The Rattenbury-Stoner murder trial of 1935 was, as the dustjacket blurb of Sean O'Connor's new study of the case says, one of the great tabloid sensations of the interwar period. The story behind the trial is poignant and complicated and it certainly doesn't have a happy ending. But it does have a great deal of human interest, and casts light on the mores and legal process of the Thirties.
The story has fascinated a number of crime writers, most notably Francis Iles, who wrote a long essay about it in the Detection Club book The Anatomy of Murder (recently reissued in paperback, and a very good read covering famous and little-known murder cases) as well as As for the Woman. That book took some elements from the case as well as from the even more famous Thompson-Bywaters case, to which the Rattenbury-Stoner case bore certain striking similarities.
Another novelist who made good use of the story was Shelley Smith, in The Woman in the Sea, a book now so forgotten that it doesn't earn a mention even in this wide-ranging and well-researched study. And without giving too much away, I can say that there are one or two elements from the story that inspired one of the plot strands in Mortmain Hall, the sequel to Gallows Court, which I've been working on recently and which will be published next year.
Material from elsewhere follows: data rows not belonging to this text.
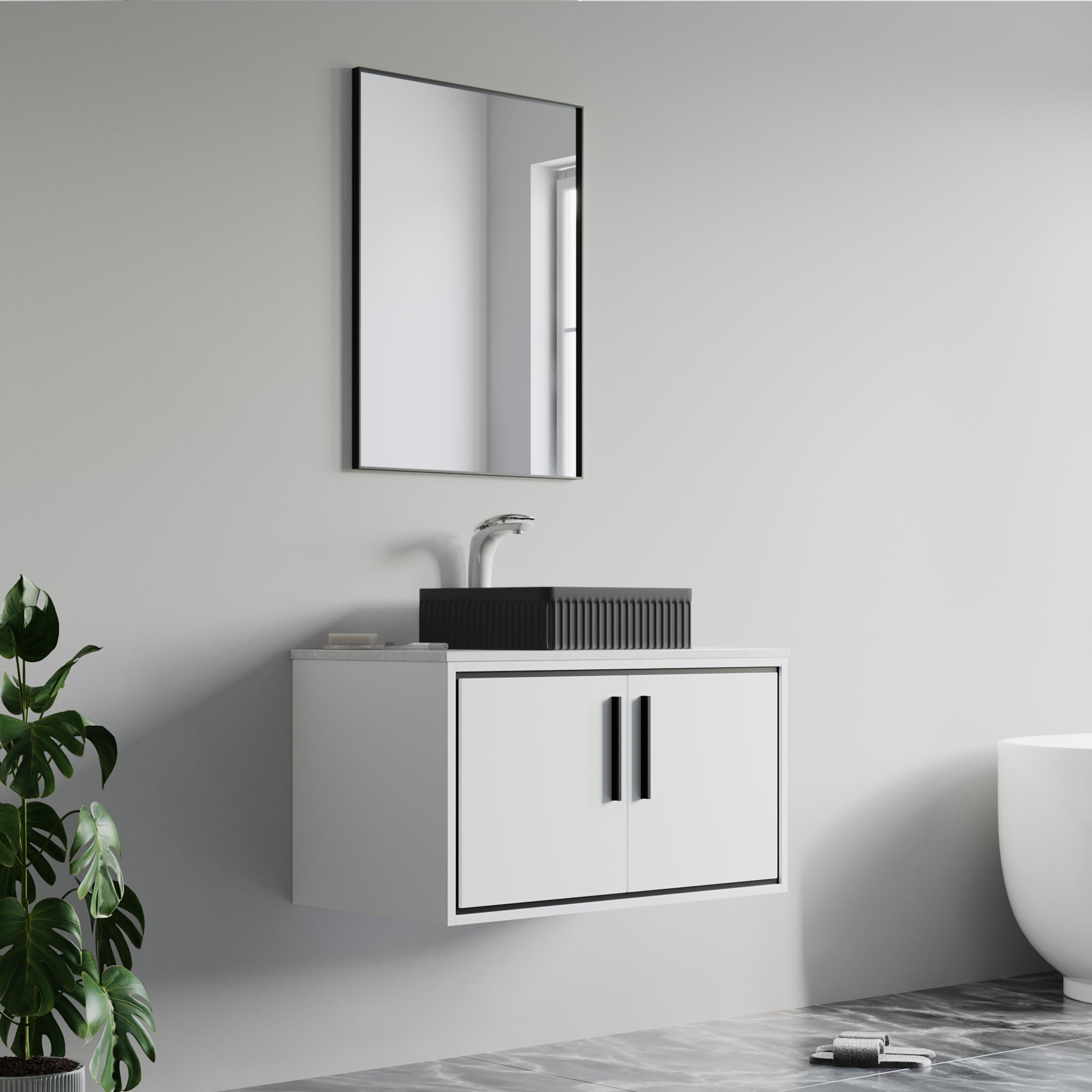 Bathroom Vessel Sink - 6004 1515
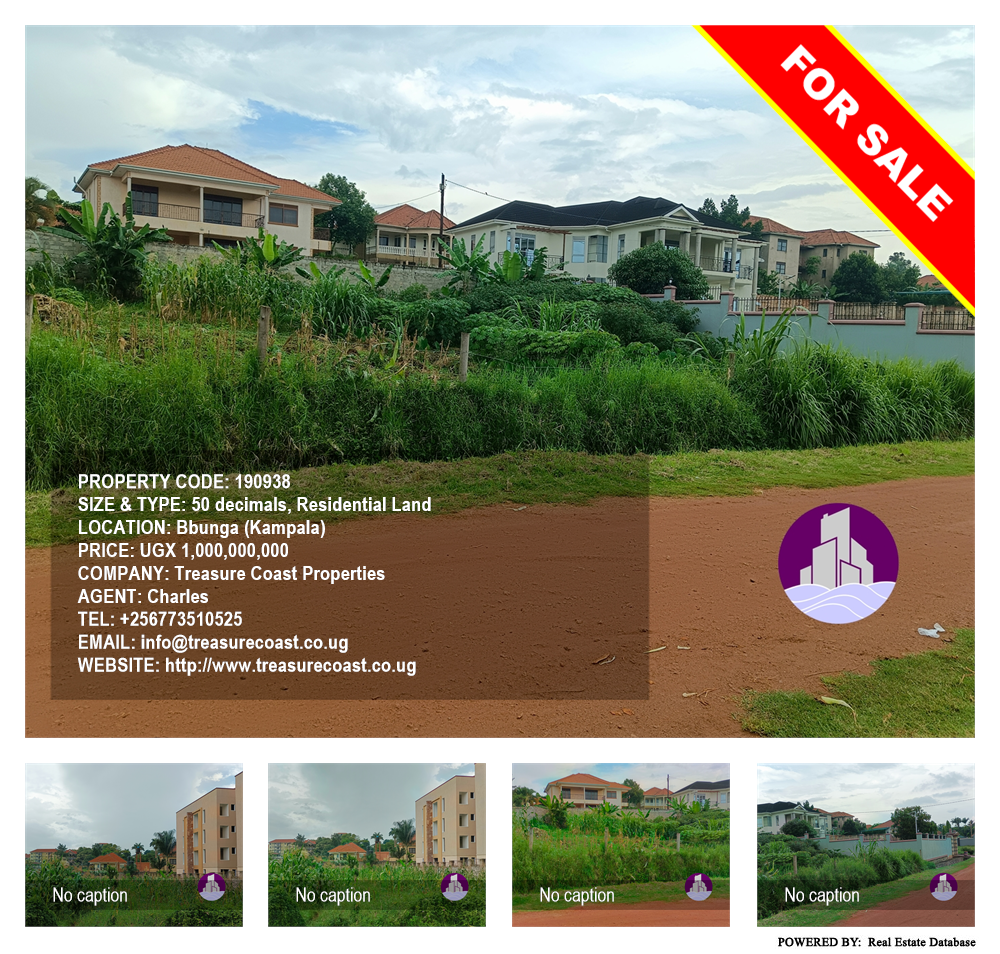 Residential Land  for sale in Bbunga Kampala Uganda, code: 190938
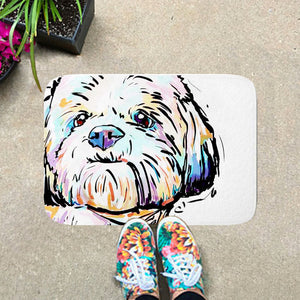 Unique Dog Lovers Anti-Slip Mat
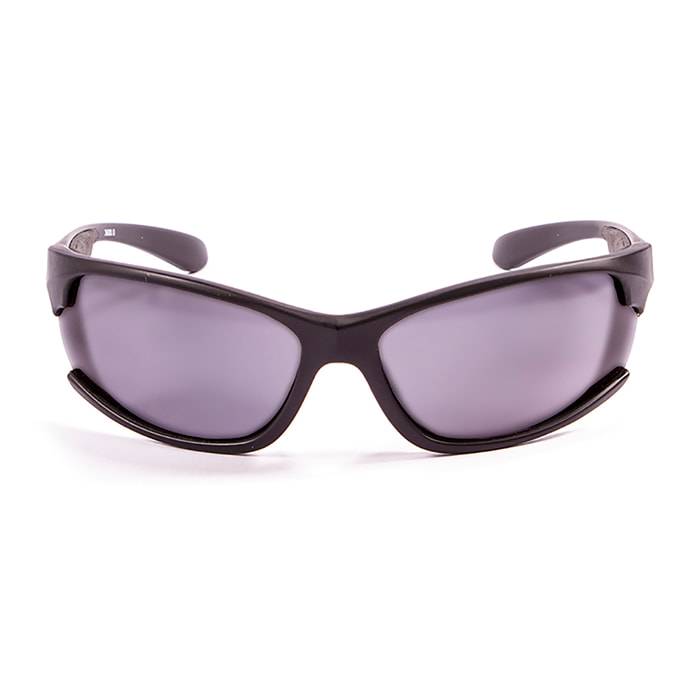Gafas de deportes acuáticos OCEAN CYPRUS - Negro mate / Ahumada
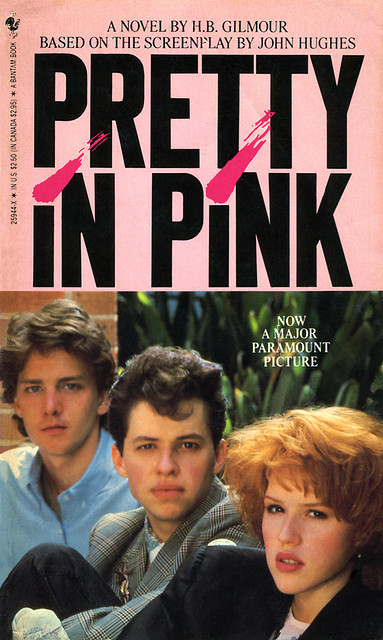 80sloove:Pretty in Pink book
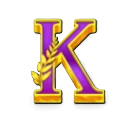 K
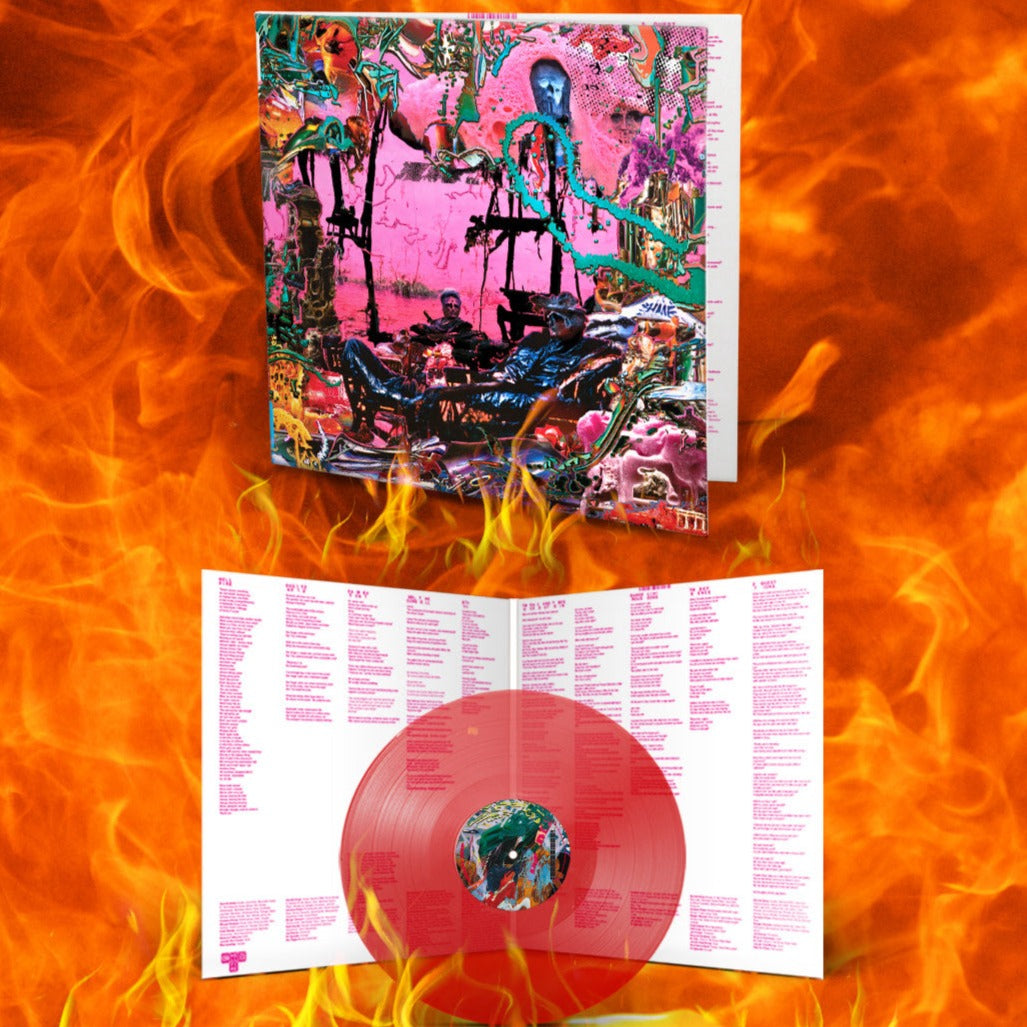 Black Midi ‎– Hellfire-LP-Rough Trade- RT0321LPE-Muckypeg records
Sean O'Connor is a writer, director, and producer who first came to my attention a few years ago with his interesting examination of the Neville Heath case, Handsome Brute. He makes the point in his foreword to this book that the Rattenbury case has been examined not only by the famous criminologist F. Tennyson Jesse but also by such leading lawyers as Sir Michael Havers and Sir David Napley. But he has undertaken extensive investigation of his own, and the result is a book that will, I'm sure, be of great interest to true crime fans.